刘炳善:窃把勤耕比劳农


2021年04月24日 05:50    来源:美中时报    宋立民


      “无事经年别远公,帝城钟晓忆西峰。”


      2010年年底,刘炳善老师永远地离开他的书房。十年间,笔者不止一次梦回古城开封,梦回河南大学西门,刘老师的书房。


      文章憎命达。在离去的前一年,《南方周末》给刘老师做了一个整版的特写,标题是《一个人的二十年——我怎样编纂一部莎士比亚大词典》——那部辞典,底稿是刘老师用钢笔抄写的卡片,卡片装满24个方便面纸箱——刘老师的一生,就是读书、教书、写书、译书、编书、评书的一生。而这“六书”的日子,是“勤耕”,更是“苦役”,正如他自己的诗句所描写的:“敢以苦学追少壮,窃把勤耕比劳农。”




      一、《英国文学简史》


      “我的处女作是散文,题为《桌子》,发表在重庆《大公报》的‘文艺’副刊上,责任编辑是杨刚女士。”每每说到此事,刘老师都流露出感激之情。


      那是1944年,17岁的刘炳善上高二,迷恋李广田的散文,便以自己为模特,写了一个调皮男孩在课桌上连画带刻的所作所为。


      “杨刚把我的小文章发为‘头题’,指出我的优点是对日常小事比较敏感,建议我读高尔基的《在人间》和狄更斯的《大卫·科波菲尔》,‘会当有益’。我一个小孩子家,不知道杨刚女士是主编、《傲慢与偏见》的译者,到解放后才知道她是《人民日报》的副总编。”

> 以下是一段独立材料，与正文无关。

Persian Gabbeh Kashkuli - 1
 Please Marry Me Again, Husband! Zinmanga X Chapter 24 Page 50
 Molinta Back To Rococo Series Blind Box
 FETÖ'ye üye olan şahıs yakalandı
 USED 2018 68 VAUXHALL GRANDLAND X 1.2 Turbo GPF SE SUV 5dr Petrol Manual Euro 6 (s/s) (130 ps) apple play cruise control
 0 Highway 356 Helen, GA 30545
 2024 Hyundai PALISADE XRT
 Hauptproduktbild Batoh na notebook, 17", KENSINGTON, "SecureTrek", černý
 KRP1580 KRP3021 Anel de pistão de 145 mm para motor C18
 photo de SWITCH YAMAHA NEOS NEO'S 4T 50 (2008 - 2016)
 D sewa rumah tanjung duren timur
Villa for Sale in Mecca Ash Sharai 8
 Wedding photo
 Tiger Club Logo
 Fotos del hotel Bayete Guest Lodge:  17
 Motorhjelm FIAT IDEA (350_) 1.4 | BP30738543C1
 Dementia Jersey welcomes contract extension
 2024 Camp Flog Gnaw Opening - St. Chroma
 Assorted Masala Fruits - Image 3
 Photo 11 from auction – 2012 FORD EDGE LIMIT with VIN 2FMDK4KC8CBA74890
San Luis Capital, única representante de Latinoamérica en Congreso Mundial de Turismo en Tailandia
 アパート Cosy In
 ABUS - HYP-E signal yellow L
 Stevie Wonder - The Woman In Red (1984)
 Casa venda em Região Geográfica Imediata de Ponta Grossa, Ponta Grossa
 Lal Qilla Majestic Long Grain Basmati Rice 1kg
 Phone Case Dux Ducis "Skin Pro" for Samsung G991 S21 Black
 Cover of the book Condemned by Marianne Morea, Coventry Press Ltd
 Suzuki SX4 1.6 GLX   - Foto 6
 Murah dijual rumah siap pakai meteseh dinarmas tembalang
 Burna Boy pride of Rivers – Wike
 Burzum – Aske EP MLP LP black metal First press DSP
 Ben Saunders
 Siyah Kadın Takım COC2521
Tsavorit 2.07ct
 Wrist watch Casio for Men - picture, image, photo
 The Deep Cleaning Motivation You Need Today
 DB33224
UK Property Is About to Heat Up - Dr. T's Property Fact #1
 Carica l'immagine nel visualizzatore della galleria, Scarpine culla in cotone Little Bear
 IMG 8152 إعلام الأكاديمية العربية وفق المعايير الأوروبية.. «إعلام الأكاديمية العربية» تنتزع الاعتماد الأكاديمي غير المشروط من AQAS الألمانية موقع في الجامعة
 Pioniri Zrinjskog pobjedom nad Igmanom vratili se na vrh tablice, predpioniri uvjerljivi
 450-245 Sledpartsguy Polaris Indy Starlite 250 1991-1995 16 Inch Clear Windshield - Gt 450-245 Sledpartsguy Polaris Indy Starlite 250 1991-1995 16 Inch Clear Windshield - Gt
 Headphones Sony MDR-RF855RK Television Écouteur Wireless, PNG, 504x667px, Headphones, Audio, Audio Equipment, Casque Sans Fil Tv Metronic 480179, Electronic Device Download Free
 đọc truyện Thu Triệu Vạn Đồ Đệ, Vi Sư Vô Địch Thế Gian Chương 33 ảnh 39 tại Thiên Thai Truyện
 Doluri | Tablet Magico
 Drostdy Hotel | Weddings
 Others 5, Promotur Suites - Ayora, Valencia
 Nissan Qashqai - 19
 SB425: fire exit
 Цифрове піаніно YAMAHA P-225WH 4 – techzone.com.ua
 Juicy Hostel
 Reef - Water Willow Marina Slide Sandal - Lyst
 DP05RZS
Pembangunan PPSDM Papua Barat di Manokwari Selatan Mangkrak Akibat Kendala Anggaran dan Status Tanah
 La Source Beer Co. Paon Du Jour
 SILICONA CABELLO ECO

      1946年,刘老师考上重庆大学中文系,后转入外文系。文化保守主义领袖吴宓是其老师:“他身材不高、经常穿一件‘整而不洁’的旧灰布长衫,黑瘦但很有精神。在课堂上,说到‘罗马帝国’,他双肩猛然一耸,仿佛罗马就是他的‘帝国’,他自己就是一个‘凯撒’似的。他常常引用《红楼梦》,熟极了,随口就能一段一段背下来。”刘老师说:“最高兴的事,就是坐在与人相亲的嘉陵江边,细读英文的《金库诗选》、《彭斯歌谣》和莎士比亚戏剧。”


      后来,刘老师的英文短篇小说“An Arrest”(《逮捕》)在布拉格《世界学生新闻》上发表,获该刊1952年征文比赛一等奖。评委会主席为土耳其著名诗人希克梅特。刘老师被邀请参加布加勒斯特世界青年狂欢节。然而,又是因病无法成行——他写作、研究的一生是与病魔博战的一生。


      1957年初,刘老师从河南省文化局调到河南大学外语系。彼时,他已经开始了英文版《英国文学简史》的准备工作。无奈其后将近20年,他在被批斗与蹲牛棚中度过。但是,即便顶着“右派”帽子看菜园,他还随身带着《牛津英文散文选粹》。


      “人在苦难之中往往会想起俄罗斯文学”,他说,他的精神支柱是深夜读英文版的《苦难的历程》、《静静的顿河》。可惜沉重的劳动和刻骨的检查雷打不动,“英国文学在我的生活中被挤掉了。”


      1962年“右派”摘帽,两年后,刘老师“继往开来”,钻研原著,搜集史料,写出了英国文学史资料长编——厚厚两大本笔记。正整装待发上讲台,来了通知:“英国文学停开”。刘老师再一次绝望了。


      幸运的是两本笔记未被抄走。1978年,在两本笔记的基础上,他编出自己的讲义,原只想自编自用,不料对外交流之后好评如潮,同行激赏曰“直似大旱之见云雨”。1980年,《英国文学简史》14000册两个月内销售一空。次年,经上海外国语学院专家校订再次出版,作为全国大学春季教材——40年来,该书累计印数已达30多万册。北大《中国20世纪文学研究提要》将其列入“外国文学研究”中“国别史”之首。美国著名学者鲁宾斯坦博士来信称之为“一部值得赞扬的作品,定能引导中国学生学习英国文学。”直到现在,该书还是硕士备考的必读书。




      二、《英汉双解莎士比亚大词典》


      百花文艺社1984年出的《外国优秀散文》是《世界文学》编辑部编的货真价实的“精华本”。在那本书里,“刘炳善”的名字与冰心、朱光潜、王佐良等排列在一起,收录的是他译的兰姆的《伊利亚随笔二则》。见了译文,翻译届不少专家都在打听:“谁是刘炳善?”其时,刘老师正栖身河南大学“工字院”东边木阁楼上一个窄小的套间,门框上挂着一盏汽马灯,以对付停电。汽马灯左近,是一顶旧皮帽子,“饱经沧桑”的小衣箱上,是一台9吋的黑白电视。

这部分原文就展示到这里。